The Bishop of Matagalpa, the Rt Revd Rolando Álvarez, pictured in May 2022

The Bishop of Matagalpa, the Rt Revd Rolando Álvarez, pictured in May 2022

Nicaraguan bishop’s citizenship is revoked

AFTER the sentencing the RC Bishop of Matagalpa, Nicaragua, the Rt Revd Rolando Álvarez, to 26 years in prison earlier this month (News, 14 February), President Daniel Ortega’s regime has moved against another bishop, it is reported. The Bishop of Managua, the Rt Revd Silvio José Báez, who already lives in exile in the United States, has been has been stripped of his citizenship, with 93 other Nicaraguans, including Fr Uriel Vallejos, a priest from Matagalpa. Their property has been confiscated, and they have been branded traitors to their country. The day after Bishop Álvarez was sentenced, 222 Nicaraguans, accused of sedition, were deported to the US.

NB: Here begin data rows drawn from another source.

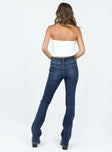 product Princess Polly High Waisted  Rourke Low Waist Jeans Dark Wash Denim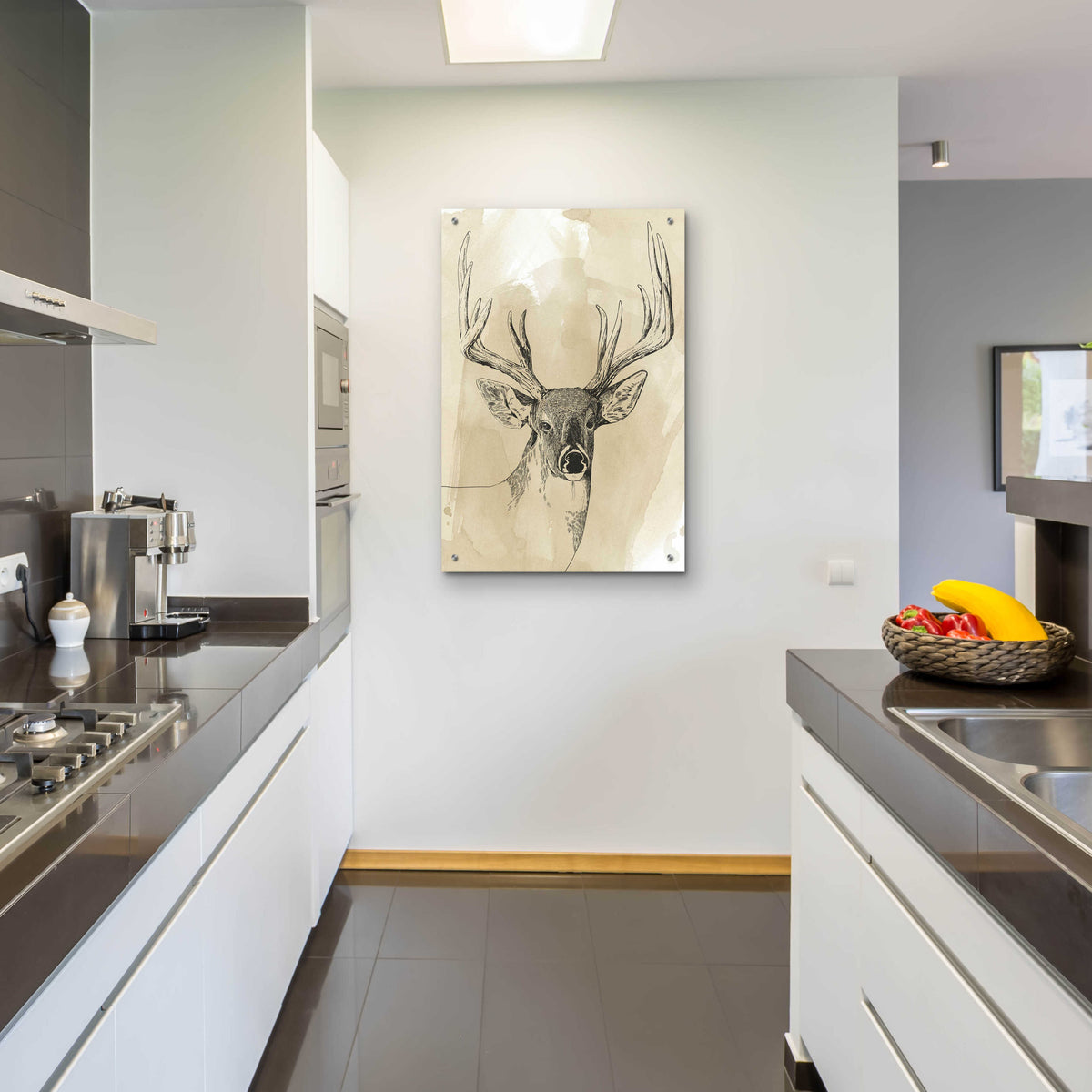 Epic Art 'Burnished Buck I' by Grace Popp, Acrylic Glass Wall Art,24x36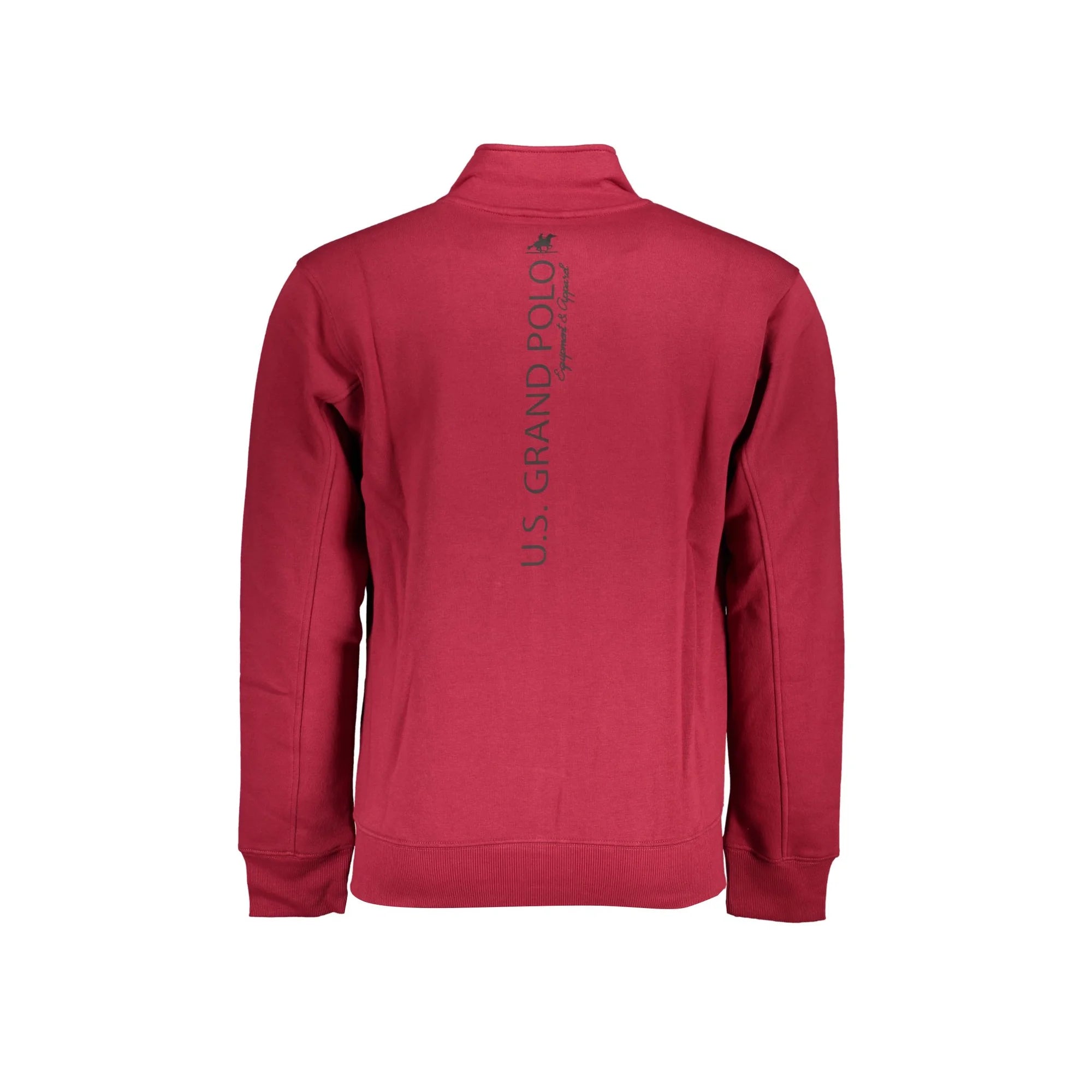 U.S. GRAND POLO FELPA CON ZIP UOMO ROSSO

Give up luxuries to provide clean water, charity urges

A LENTEN appeal, “Jars of Change”, launched by WaterAid this week, asks people to give up luxuries and to donate the money that they would have spent to projects to provide clean water to communites without access to it. WaterAid has developed fund-raising resources, available at wateraid.org/donate, for churches and other faith groups. The charity’s director of communications and fund-raising, Jennie York, said: “Access to clean water should be normal for everyone everywhere, but today, one in ten people have their access denied simply because of the circumstances they are born into.”


New Delhi rally held against religious discrimination

MORE than 15000 people joined a rally in New Delhi on Sunday to protest against anti-Christian discrimination, it is reported. The United Christian Forum said that there were 598 incidents of violence against Christians in India in 2022: up by 400 per cent in a decade. Vatican News reports that the spokesperson for the All Indian Catholic Union, John Dayal, said that 350 Christians were in prison in Uttar Pradesh, a state in northern India, simply for practising their faith, and that hundreds of Christians who were part of tribal communities had been forced from their homes in Chhattisgarh. “We want the government to hear our cries and intervene and take steps to ensure the safety and security of Christians,” he said.


Egyptian Christians released from captivity

SIX Egyptian men who were abducted in Libya on 6 February were released last Saturday after the payment of $90,000 in ransom money, Christian Solidarity Worldwide reports. The organisation’s founder and president, Mervyn Thomas, welcomed the news, but criticised the “failure of the Libyan authorities to contain the dangerous extremist and criminal groups operating in the country”. He called on the Libyan government to “do far more to discourage abductions and secure the release of all who are still in captivity, regardless of their ethnicity, religion, or belief”, and on the international community to support such endeavours.